Dalam pertemuan dengan Menteri Keuangan, Gubernur Riau mengusulkan agar alokasi Dana Bagi Hasil (DBH) dihitung berdasarkan produksi aktual atau take on product, bukan hanya formula nasional yang bersifat rata-rata. Bagi Kusfiardi, usulan ini masuk akal dan sejalan dengan semangat keadilan fiskal dalam desentralisasi.

“Jika kontribusi migas dan sawit Riau menyumbang signifikan pada Produk Domestik Bruto (PDB) nasional, tapi daerah justru mengalami tunda bayar, itu berarti ada kegagalan dalam distribusi fiskal,” kata Kusfiardi.

Data produksi minyak Riau menyusut tajam dari 400 ribu barel per hari pada masa jayanya menjadi hanya sekitar 140–160 ribu barel. Harga minyak mentah Indonesia (ICP) pun stagnan di angka USD 60–65 per barel, jauh di bawah asumsi APBN sebesar USD 80. Kondisi ini memperparah tekanan anggaran di daerah, terutama karena sektor sawit pun mulai menunjukkan penurunan dari sisi volume dan harga.

Situasi ini membuat kondisi fiskal daerah tidak stabil, tidak berkelanjutan, dan semakin rentan terhadap fluktuasi global. Menurut Kusfiardi, ketergantungan daerah terhadap dana pusat tanpa fleksibilitas fiskal membuat otonomi daerah hanya tinggal nama.
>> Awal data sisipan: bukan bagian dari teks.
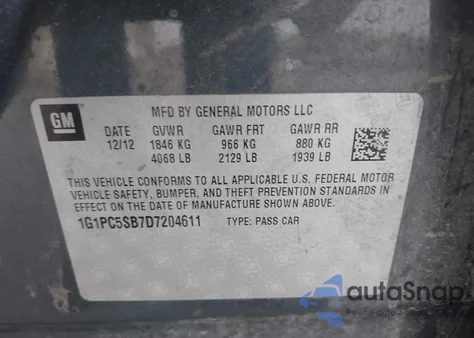 2013 Chevrolet Cruze 1Lt Auto from USA, damaged, VIN 1G1PC5SB7D7204611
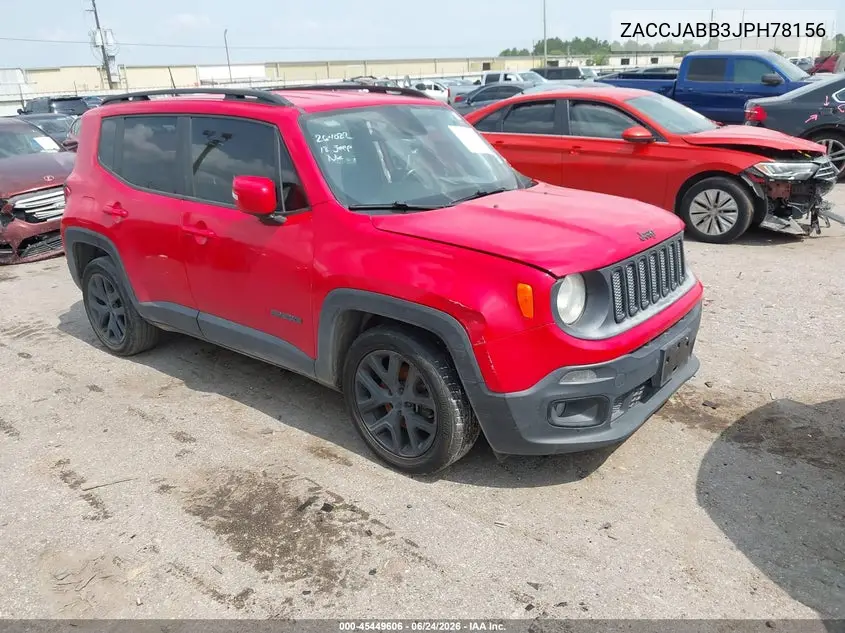 2018 Jeep Renegade Altitude Fwd VIN: ZACCJABB3JPH78156 Lot: 45449606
“Jika pusat terus memonopoli mekanisme fiskal dan daerah hanya sebagai objek penerima, maka otonomi daerah akan tinggal nama. Koreksi regulasi fiskal adalah kunci untuk mencegah krisis keuangan daerah yang lebih luas,” ujar dia, menambahkan.

Kusfiardi menegaskan, evaluasi sistem fiskal harus dimulai dari penyesuaian formula DBH berdasarkan data produksi aktual, kemudian pemberian ruang fiskal lebih besar untuk daerah penghasil komoditas strategis, serta perlindungan terhadap gejolak harga lewat skema stabilisasi pendapatan.

“Saat ini tidak cukup hanya membahas keadilan fiskal, tapi juga kedaulatan fiskal daerah. Selama ini, daerah jadi mesin ekonomi nasional, tapi tak punya kendali atas nasib fiskalnya sendiri. Untuk itu revisi UU Perimbangan Keuangan Pusat Daerah perlu segera dilakukan,” kata Kusfiardi.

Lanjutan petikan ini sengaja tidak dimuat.